It Was Just An Accident: Ketika Trauma Politik Menjadi Cerita Thriller
Tim Teaterdotco - Senin, 20 Oktober 2025 08:18 WIB
Film It Was Just An Accident, karya terbaru sutradara Iran Jafar Panahi, resmi tayang di bioskop Indonesia mulai 17 Oktober 2025. Drama-thriller ini berhasil mencuri perhatian dunia setelah meraih Palme d’Or di Festival Film Cannes 2025, penghargaan tertinggi di ajang perfilman internasional.
Film berdurasi 1 jam 42 menit ini menyoroti tema berat tentang trauma, moralitas, dan kekerasan politik di Iran, dengan gaya khas Panahi yang tenang, realistis, namun mengguncang emosi penonton.
Sinopsis It Was Just An Accident
Cerita dimulai dari sebuah kecelakaan mobil di malam hari. Eghbal (Ebrahim Azizi) tengah berkendara bersama istrinya yang hamil dan anak mereka ketika menabrak seekor anjing hingga mati. Ia mencoba menenangkan anaknya dengan berkata, “Ini hanya kecelakaan,” namun sang anak menjawab polos, “Ayah telah membunuhnya.”
Adegan sederhana ini membuka tema besar film tentang rasa bersalah dan tanggung jawab moral.
Mobil rusak membuat Eghbal mencari bengkel terdekat, tanpa disadari, ia berhenti di tempat milik Vahid (Vahid Mobasseri), mantan tahanan politik yang dulu disiksa oleh aparat. Begitu mendengar suara langkah kaki palsu Eghbal, Vahid langsung tersentak.
Suara itu sama persis dengan milik penyiksanya di penjara.

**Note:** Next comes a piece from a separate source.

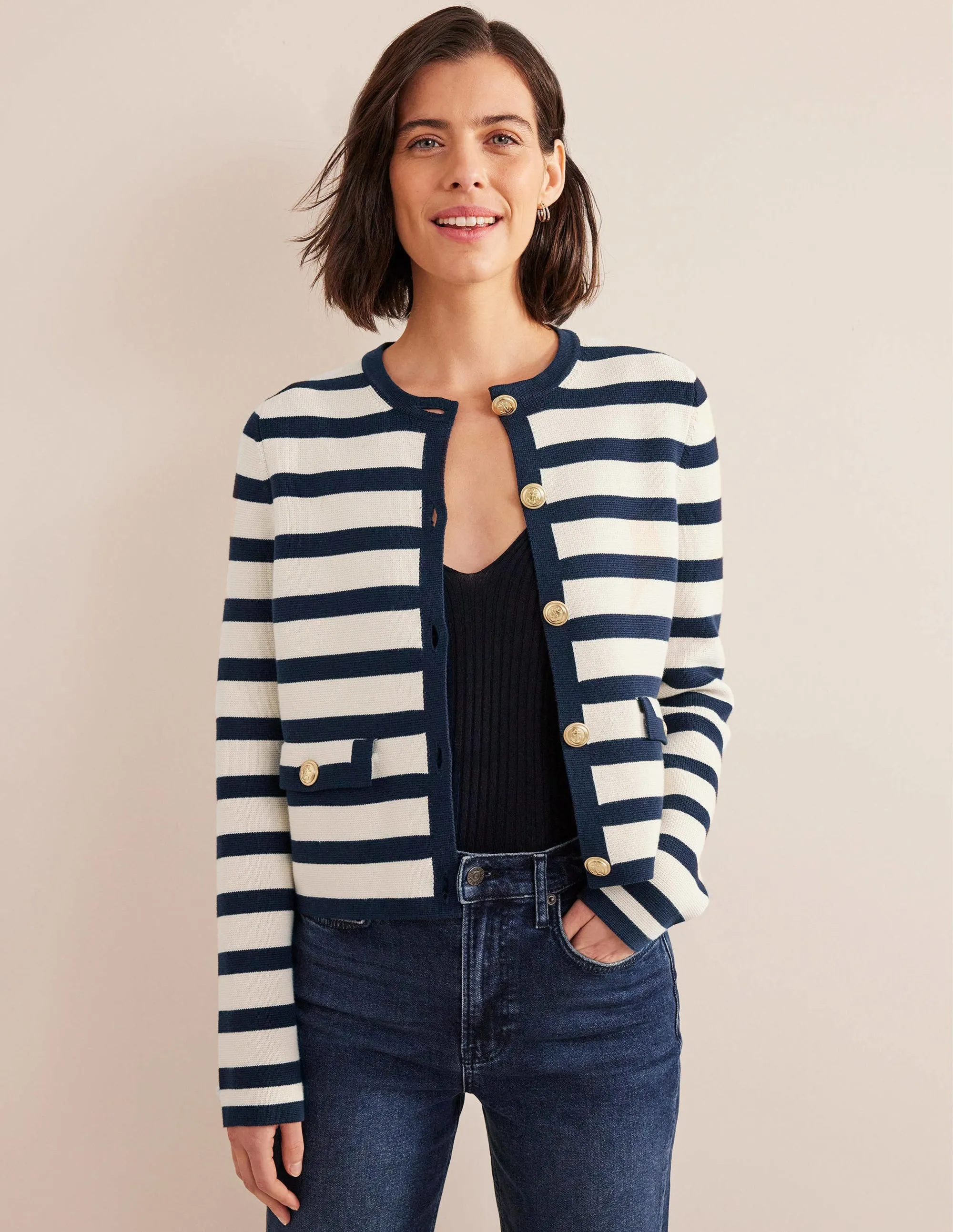 Holly Knitted Jacket-Ivory, Navy Stripe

Pertemuan itu menyeret Vahid ke dalam konflik batin antara dendam dan pengampunan. Ia berencana membalas dendam, namun masih diliputi keraguan karena tak pernah benar-benar melihat wajah penyiksanya, matanya selalu ditutup selama penyiksaan berlangsung.

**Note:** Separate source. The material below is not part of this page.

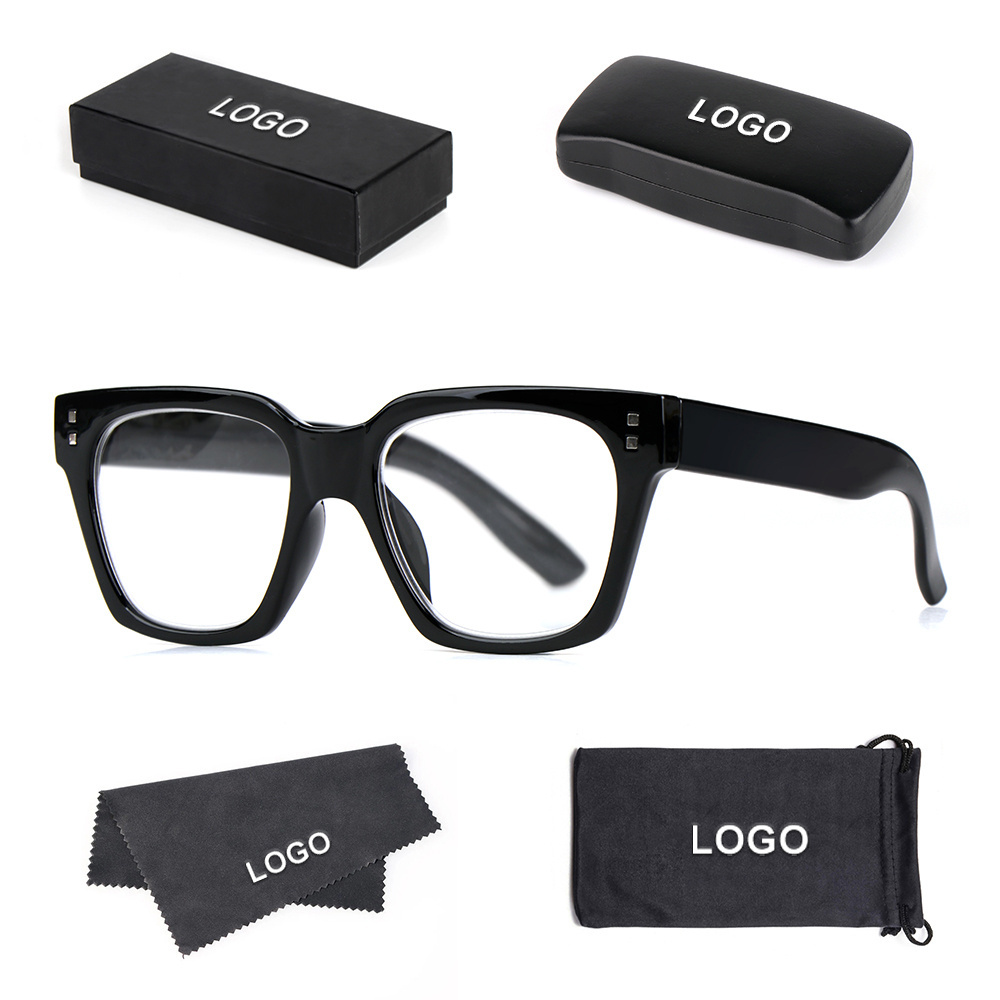 Wholesale Reader Glasses Promotion Frame Trendy Designer Square Optics Plastic Reading Glasses Anti Blue Light for Men Women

Kritik Politik dan Luka Sosial Iran
Lewat karakter-karakter seperti Vahid, Shiva, dan Golrokh, Panahi menampilkan berbagai wajah trauma akibat kekerasan negara. Setiap tokoh membawa luka dan cara berbeda untuk bertahan hidup.
Film ini menunjukkan bahwa dampak kekerasan politik tidak berhenti di dalam penjara — tapi terus hidup dalam ingatan korban.
Dalam salah satu adegan, Panahi memperlihatkan mantan tahanan yang menolong istri Eghbal melahirkan, meski sebelumnya berniat membunuh suaminya. Momen itu menjadi simbol kemanusiaan yang tak sepenuhnya padam di tengah dendam dan rasa sakit.
Latar kota gersang di Azerbaijan, Iran, memperkuat atmosfer kelam dan sunyi film ini. Panahi menggunakan tempo lambat dan sinematografi sederhana untuk menonjolkan pergolakan batin para karakter.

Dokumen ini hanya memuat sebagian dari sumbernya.